Note:   Since the Hamming code is a binary code,  here the code space has the dimension  $n$.


(2)  Correct is  answer 1:

  • In the gray area outside  "spheres"  there is not a single point in a perfect code.
  • This was also shown in the calculation for subtask  (1).


(3)  The Reed–Solomon codes are described by the coding space scheme  $\rm B$    ⇒   Answer 2.
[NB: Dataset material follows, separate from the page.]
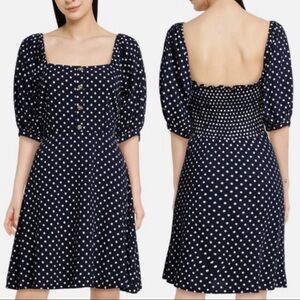 VERO MODA | NWT Astimilo Linen Blend Polka Dot Print Puff Sleeve Dress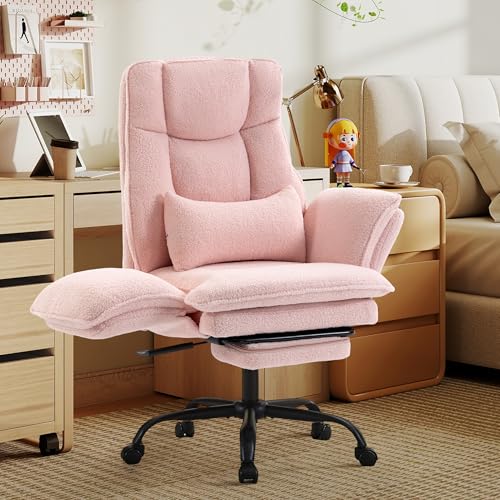 Image of Wider Seat Office Chair with Flip Armrests for Criss Cross Legged&Cats, Big and Tall Executive Ergonomic Reclining Chair with Footrest&Lumbar Pillow, Teddy Fleece Desk Chair, Pink Vanity Chair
  • Here there are numerous yellow points in the gray area,  i.e. points that cannot be assigned to any sphere in  "Bounded Distance Decoding".
  • For example,  if we consider the   $\rm RSC \, (7, \, 3, \, 5)_8$   with code parameters  $n = 7, \, k = 3$,  and  $t = 2$,  there are a total of  $8^7 = 2097152$  points and  $8^3 = 512$  hyperspheres here.
  • If this code were perfect,  then there should be  $8^4 = 4096$  points within each sphere.  However,  it holds:
$${\rm Pr}(\underline{\it y}_{\it i} {\rm \hspace{0.1cm}lies\hspace{0.1cm} within\hspace{0.1cm} the\hspace{0.1cm} red\hspace{0.1cm} sphere)} = {\rm Pr}(f \le t) = {\rm Pr}(f = 0)+ {\rm Pr}(f = 1)+{\rm Pr}(f = 2) =1 + {7 \choose 1} \cdot 7 + {7 \choose 2} \cdot 7^2 = 1079 \hspace{0.05cm}.$$
  • For  ${\rm Pr}(f = 1)$  it is considered that there can be  "$7 \rm \ over \ 1$" $= 7$  error positions,  and for each error position also seven different error values.  The same is considered for  ${\rm Pr}(f = 2)$.


(4)  Correct is  answer 3:

  • A point in gray no-man's land is reached with fewer symbol errors than a point in another hypersphere.
  • For long codes,  an upper bound on the error probability is given in the literature:
$${\rm Pr}(\underline{y} {\rm \hspace{0.15cm} is \hspace{0.15cm} incorrectly \hspace{0.15cm} decoded}) = {\rm Pr}(\underline{z} \ne \underline{c}) \le \frac{1}{t\hspace{0.05cm}!} \hspace{0.05cm}.$$
  • For the ${\rm RSC} \, (225, \, 223, \, 33)_{256} \ \Rightarrow \ t = 16$   ⇒   this upper bound yields the value  $1/(16!) < 10^{-14}$.